[fix](be) Preserve null probe rows in mark anti join#63767
Conversation
|
Thank you for your contribution to Apache Doris. Please clearly describe your PR:
|
|
/review |
There was a problem hiding this comment.
I found one blocking correctness issue in the null-aware mark anti join fix. The change preserves NULL probe rows when there are no build-side NULL keys, but it regresses the same path when the build hash table keeps NULL keys, which this join mode explicitly does for null-aware joins with other conjuncts.
Critical checkpoint conclusions:
- Goal/test: The PR targets incorrect results for nullable probe keys in mark null-aware left anti joins under disjunction. The added regression covers a nullable probe key, but only with
i.a IS NOT NULL, so it does not cover the build-side NULL path that remains active in this join mode. - Scope: The code change is small and focused, but incomplete because it does not clear the resumed build index when stopping on a NULL probe row.
- Concurrency/lifecycle/config/compatibility/persistence: Not applicable; this is local hash join probe state processing with no new config, persistence, or protocol/storage format change.
- Parallel paths: The reviewed path is specifically
NULL_AWARE_LEFT_ANTI_JOIN/NULL_AWARE_LEFT_SEMI_JOINwith other conjuncts and mark processing; non-other-conjunct paths are separate. - Special conditional checks: The changed NULL-probe check needs to maintain the downstream invariant that
probe_idxstill points to the NULL row andbuild_idxdoes not trigger continuation rewind. - Test coverage/results: Existing added results are deterministic, but missing a case where the subquery/build side contains a NULL mark key, which is exactly where
keep_null_key = truemakesbuild_idx_map[probe_idx]nonzero for NULL probes. - Observability/performance: No additional observability needed; no material performance concern found.
- Data correctness: Blocking issue found; affected queries can skip or reprocess rows when build-side NULL keys exist.
User focus: No additional user-provided review focus was specified.
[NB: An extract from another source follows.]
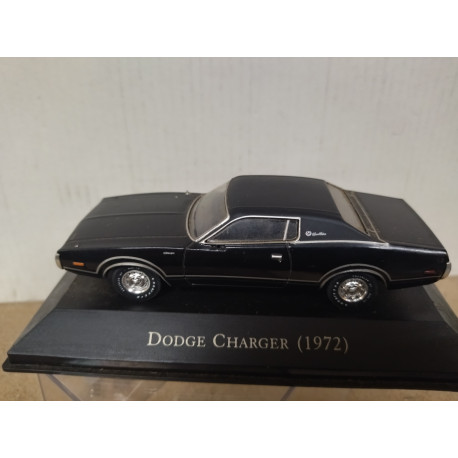 DODGE CHARGER 1972 BLACK AMERICAN CARS 1:43 ALTAYA IXO DEFECT/NO RETROS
| if constexpr (has_null_map) { | ||
| if (null_map[probe_idx]) { | ||
| probe_idx++; | ||
| break; |
There was a problem hiding this comment.
This still does not preserve the NULL probe row correctly when the build side contains NULL keys. For null-aware joins with other conjuncts, HashJoinBuild::run() sets keep_null_key = true, so build_idx_map[probe_idx] can be first[bucket_size] for a NULL probe. After this change the loop breaks with that nonzero build_idx, then line 492 applies probe_idx -= (build_idx != 0), returning the previous probe row instead of the NULL row. The caller therefore misses _process_probe_null_key(probe_idx) for this row, or resumes probing the previous row against the NULL bucket. A repro is the new nullable test shape without filtering NULLs out of the subquery build side, e.g. inserting an inner (1, NULL) and removing i.a IS NOT NULL. Please clear build_idx before breaking on a NULL probe, or otherwise skip the continuation rewind for this case, and add coverage with build-side NULL keys.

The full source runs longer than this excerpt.